Lyra P, Machado V, Rota S, Chaudhuri KR, Botelho J, Mendes JJ. Microbial Dysbiosis and α-Syn. Encyclopedia. Available at: Accessed April 20, 2024.
Lyra, Patrícia, Vanessa Machado, Silvia Rota, Kallol Ray Chaudhuri, João Botelho, José João Mendes. "Microbial Dysbiosis and α-Syn" Encyclopedia, (accessed April 20, 2024).
Lyra, P., Machado, V., Rota, S., Chaudhuri, K.R., Botelho, J., & Mendes, J.J. (2023, July 14). Microbial Dysbiosis and α-Syn. In Encyclopedia.
Lyra, Patrícia, et al. "Microbial Dysbiosis and α-Syn." Encyclopedia. Web. 14 July, 2023.
Microbial Dysbiosis and α-Syn

Alpha-synuclein (α-Syn) is a short presynaptic protein with an active role on synaptic vesicle traffic and the neurotransmitter release and reuptake cycle. The α-Syn pathology intertwines with the formation of Lewy Bodies (multiprotein intraneuronal aggregations), which, combined with inflammatory events, define various α-synucleinopathies, such as Parkinson’s Disease (PD). The microbiota—which consists of thousands of bacterial, viral, and fungal species that inhabit different parts of the human body—plays a critical role in human health, not only through its barrier function against pathogens, but also through its regulatory role of the immune system as well as its impact on other important functions, such as the regulation of movement. The human gut microbiota in particular has been the focus of intense research.
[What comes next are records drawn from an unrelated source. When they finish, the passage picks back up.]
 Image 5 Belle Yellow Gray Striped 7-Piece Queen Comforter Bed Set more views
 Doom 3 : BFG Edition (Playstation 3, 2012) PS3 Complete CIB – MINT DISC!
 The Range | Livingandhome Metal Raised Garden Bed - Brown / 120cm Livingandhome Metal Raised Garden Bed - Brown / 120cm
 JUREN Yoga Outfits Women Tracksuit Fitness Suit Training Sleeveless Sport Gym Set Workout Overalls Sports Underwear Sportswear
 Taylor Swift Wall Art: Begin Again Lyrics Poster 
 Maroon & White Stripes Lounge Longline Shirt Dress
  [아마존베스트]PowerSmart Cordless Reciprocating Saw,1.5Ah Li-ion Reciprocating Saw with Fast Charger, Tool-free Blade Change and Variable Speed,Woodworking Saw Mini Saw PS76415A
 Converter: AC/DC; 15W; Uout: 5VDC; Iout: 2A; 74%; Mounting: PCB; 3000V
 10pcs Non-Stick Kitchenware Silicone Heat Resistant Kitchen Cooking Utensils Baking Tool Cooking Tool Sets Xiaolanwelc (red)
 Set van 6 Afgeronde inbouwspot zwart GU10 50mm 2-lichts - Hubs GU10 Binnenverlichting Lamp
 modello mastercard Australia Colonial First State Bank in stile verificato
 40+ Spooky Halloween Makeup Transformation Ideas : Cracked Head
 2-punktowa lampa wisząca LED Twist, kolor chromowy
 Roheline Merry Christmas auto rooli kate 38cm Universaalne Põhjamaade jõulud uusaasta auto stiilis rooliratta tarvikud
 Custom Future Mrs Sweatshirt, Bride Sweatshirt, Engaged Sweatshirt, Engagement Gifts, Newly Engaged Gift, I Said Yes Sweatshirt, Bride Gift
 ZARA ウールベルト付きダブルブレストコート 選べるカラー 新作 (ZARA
This microbiota is shaped by lifetime determinants (such as diet, disease history, age, or genetic heritance) and produces a variety of molecules, some of which can enter the bloodstream and affect overall systemic health. 

alpha-synuclein inflammation neuroinflammation synucleinopathies

1. Gut Microbiota and α-Syn

Recent lines of research have been exploring the potential mechanisms by which changes in the gut microbiota and their products (such as LPS and intestinal-mucosa-derived inflammatory factors) might contribute to the misfolding and abnormal aggregation of α-Syn in the enteric nervous system (ENS), and upon transportation via projections of the vagus nerve and autonomic enteric fibers, in the CNS [1][2][3]. The transport of toxic α-Syn species through the microbiota–gut–brain axis ultimately results in the loss of dopaminergic neurons and causes a microglial inflammatory response that is in the pathogenesis of α-synucleinopathies [4]. In fact, PD patients appear to present differences regarding the level of certain species of gut bacteria when compared to healthy counterparts [5][6][7][8]. Therefore, it is crucial to highlight the microbiota–gut–brain axis, as it represents a complex and interdependent network between the ENS, the gut microbiota, the immune system, and the brain and provides key insights into how intestinal alterations might affect distant organs, such as the brain [9]. In fact, the gastrointestinal tract’s communication network with the CNS includes pathways such as the systemic circulation of hormones, inflammatory cytokines, and microbial products, as well as the autonomic nervous system through the vagus nerve [10]. Interestingly enough, of the non-motor features that comprise the prodromal phase of PD—which include gastrointestinal, olfactory dysfunction, autonomic dysregulation, fatigue, sleep disorders, and mood disturbances—the early constipation and gastrointestinal inflammation support the involvement of the microbiota–gut–brain axis [8][9][11][12][13]. However, even though the gut microbiota’s role in neurodegeneration has started to be explored, research on the involvement of oral microbiota on such mechanisms is still due [8][14].
In a recently conducted study, Shi et al. [12] explored whether mucosal microbiota in PD patients would correlate with changes in intestinal mucosal a-Syn. To this end, nineteen PD patients were compared to healthy counterparts for duodenal and sigmoid mucosal samples with next-generation metagenomic sequencing. Overall, the results showed that oligomer a-Syn in the sigmoid mucosa is transferred from the epithelial intestinal wall to the cytoplasm, acinar lumen, and stroma. Furthermore, the intestinal mucosal microbiota composition changed with the increase in the relative abundance of pro-inflammation inducing bacteria in the duodenal mucosa [12]. Beyond the unequivocal potential for diagnosis of PD using such samples, these results show that intestinal microbiota may have a role in the levels of a-Syn at the intestinal mucosa.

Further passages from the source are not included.